In Mehldau's telling there is a sense of his striving to belong musically, intellectually and socially, yet feeling somehow apart—the outlier Man With No Name one moment, the team-playing Musketeer the next. His narrative veers between conversational and academic, between wittily anecdotal and painstakingly analytical-cum-philosophical.

These tensions and dualities seem to mirror, to some degree, Melhdau's internal struggles to reconcile different aspects of his personality, growing up in West Hartford, Connecticut in the '70s and '80s. Few jazz autobiographies are as candid in sharing details of insecurities, missteps and plain bad life choices.
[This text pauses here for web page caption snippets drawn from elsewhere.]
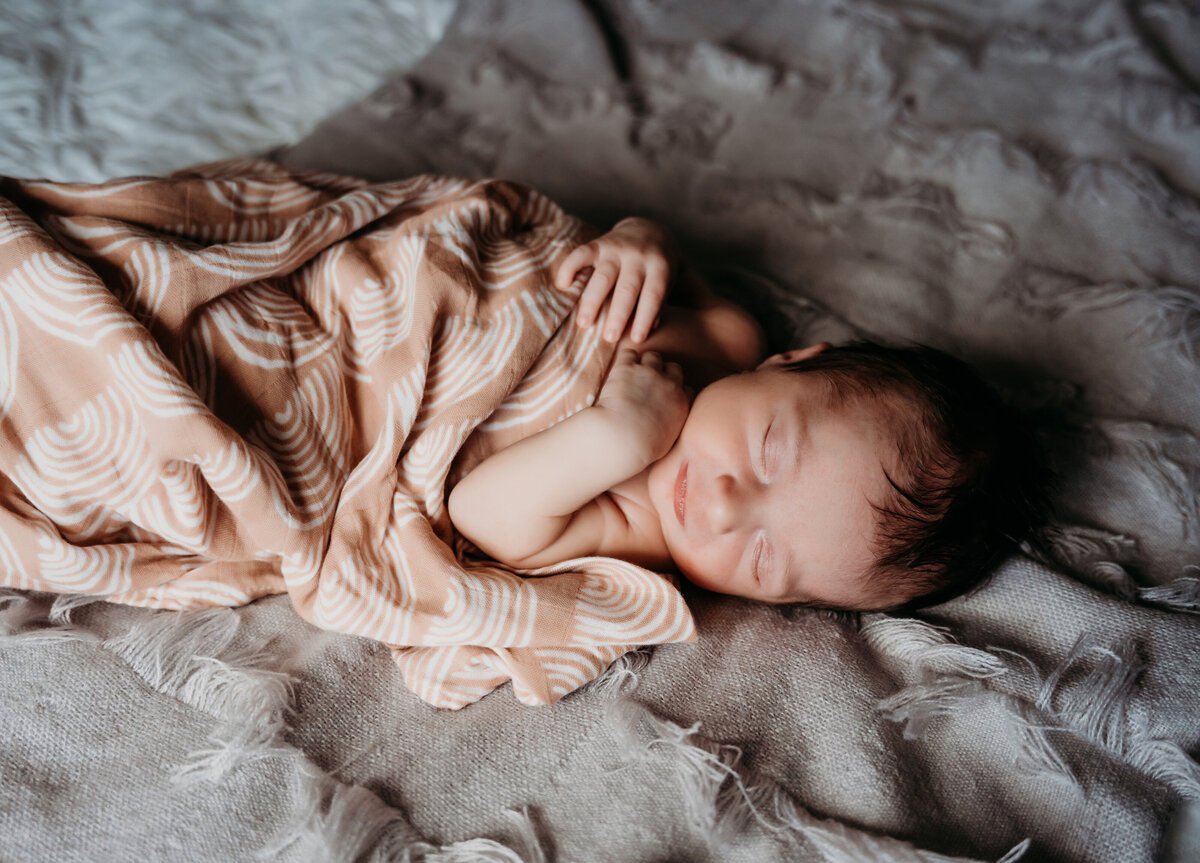 Newborn Photographer, a baby is swaddled in a blanket and sleeping on bed linens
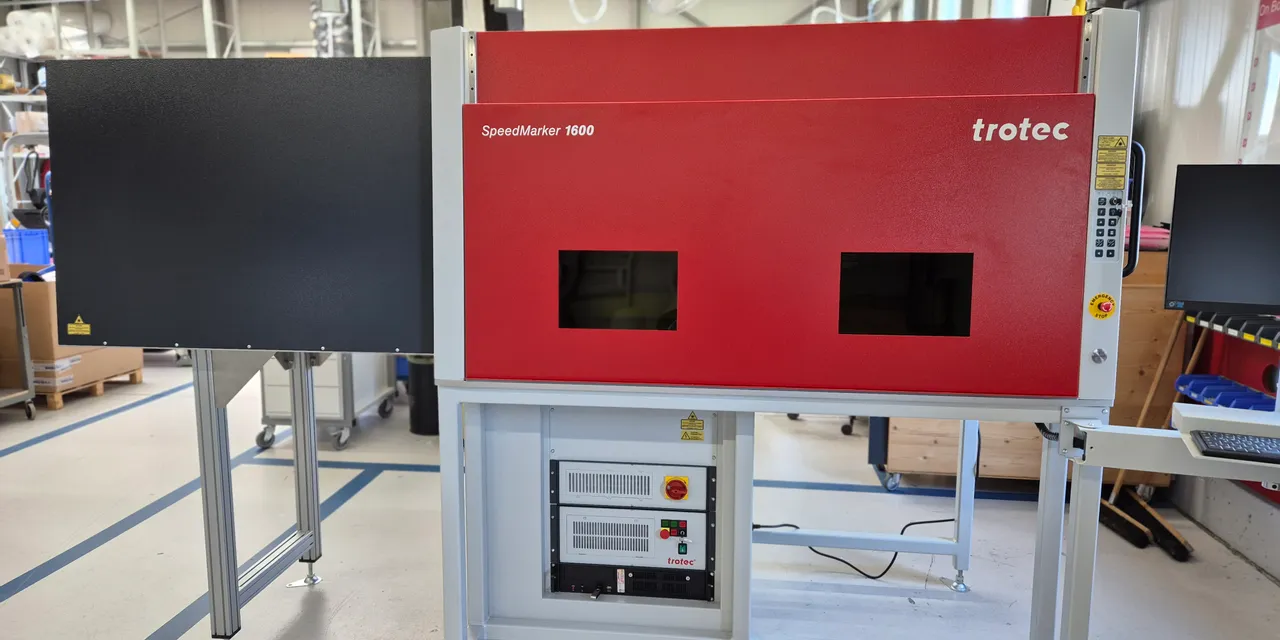 Trotec SpeedMarker 1600 laser marking system in industrial workshop setting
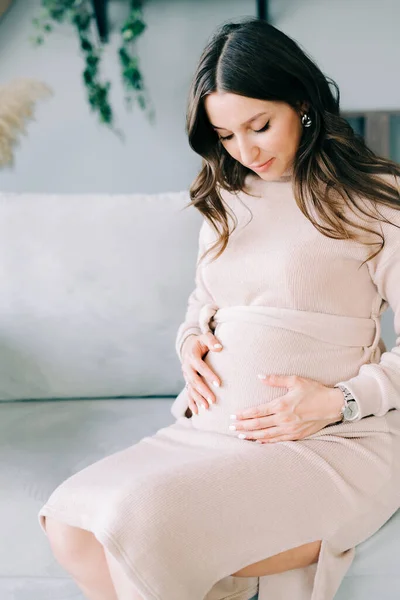 Retrato Una Joven Mujer Embarazada Hermosa Vestido Beige Sentado Sofá — Foto de Stock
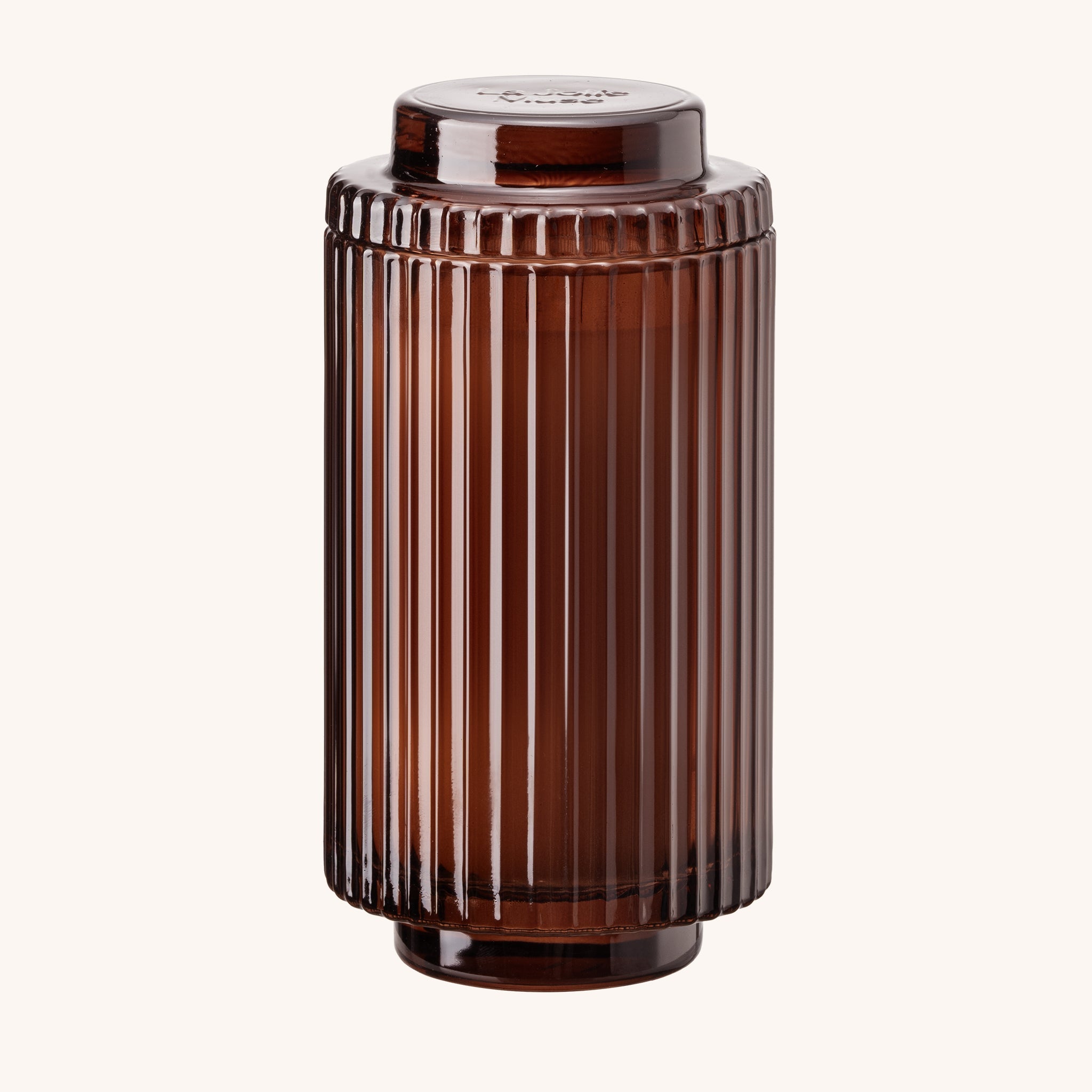 Brown ribbed container on a white background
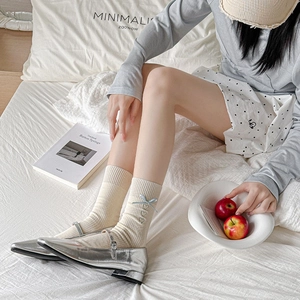 Detail of cream rib-knit socks with blue bow and heart embroidery, paired with silver shoes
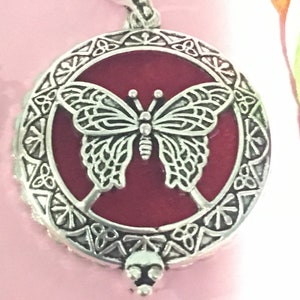 May include: A silver pendant with a red enamel butterfly design. The pendant has a detailed ornate border and a skull-shaped bail.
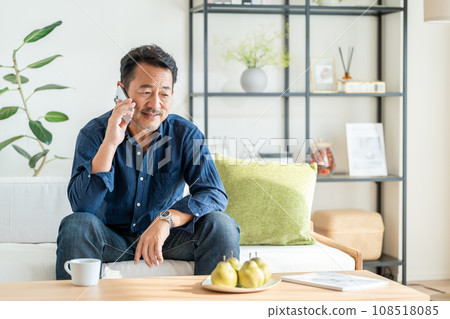 一位老人在客廳使用智慧型手機。 108518085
As an adopted child, the young Mehldau struggled with a sense of who he was and where he came from—part of a "normal" family yet unable to relate to the more psychologically rooted tribe of his peers. His sexuality, somewhat fluid in his formative years, was another duality that provoked certain tensions in his lifestyle. Being sexually groomed as a schoolboy did not help matters.

Musically too, Mehldau seemed torn for a long time between being drawn to the life of the bohemian jazz musician and that of the high-brow classical pianist.

"I could not reconcile all of these identities as I tried to embody them," Mehldau admits. Hedonism ensued and a debilitating heroin habit almost cost him his life. But for the intervention of his nearest and dearest, Mehldau was surely hurtling towards self-destruction in his twenties.

Stylistically influenced by the Bildungsroman school of writing set in motion by Johann Wolfgang von Goethe, Mehldau's filters his formative experiences through moral, philosophical and, to a lesser extent, religious prisms. He refers to progressive rock's "moral code" and Led Zeppelin's "moral authority."

Literature and literary theory play as significant a role in Mehldau's artistic and personal growth as his musical journey has done. Whilst clearly important to the author in order to explain his development as both an artist and as a human being, the narrative around the influence of literary figures such as Thomas Mann or James Joyce, for example, often gets bogged down in dense, high-falutin' academic speak that may tempt a little page-skipping here and there.

Perhaps more revealing—and certainly more fun—are Mehldau's recollections of the New York jazz scene in the '80s, playing for tips, wood-shedding and forging musical bonds with Larry Grenadier, Jorge Rossy and Joshua Redman. Given how permanently stoned Mehldau seemed to be, it is a wonder that his recall of those times is as good as it is.

With a fair few of the old pioneers of modern jazz still around at the time, Mehldau describes his generation's struggle between feeling the need to respect the tradition and the urge to say something personal within the idiom. In that sense, Mehldau's story is the story of most jazz musicians throughout the past century.

Just as Bill Frisell talks about a recurring dream of perfect music in Philip Watson's acclaimed Frisell biography, Beautiful Dreamer (Faber & Faber, 2022), Mehldau also describes the gap/the bridge between dreams, reality and creativity.

"The dream and reality stand apart, but they're wrapped into each other at the same time. Music is not so much the gift itself, but the slow, endless unwrapping of it, and a hint of what might be under the wrapping."

After unwrapping Formation..., the allegory-infused Mehliana: Taming The Dragon (Nonesuch, 2014), perhaps the most stylistically unique album in Mehldau's discography, can be seen in an entirely new light.

Less scholarly—and more formulaic—biographies of Mehldau will no doubt eventually see the light of day, but only Mehldau himself could have delivered a story so confessional, so searingly honest, that the very writing of it must have proven cathartic. A self-portrait of a major artist that is revealing and frustrating, in roughly equal measure.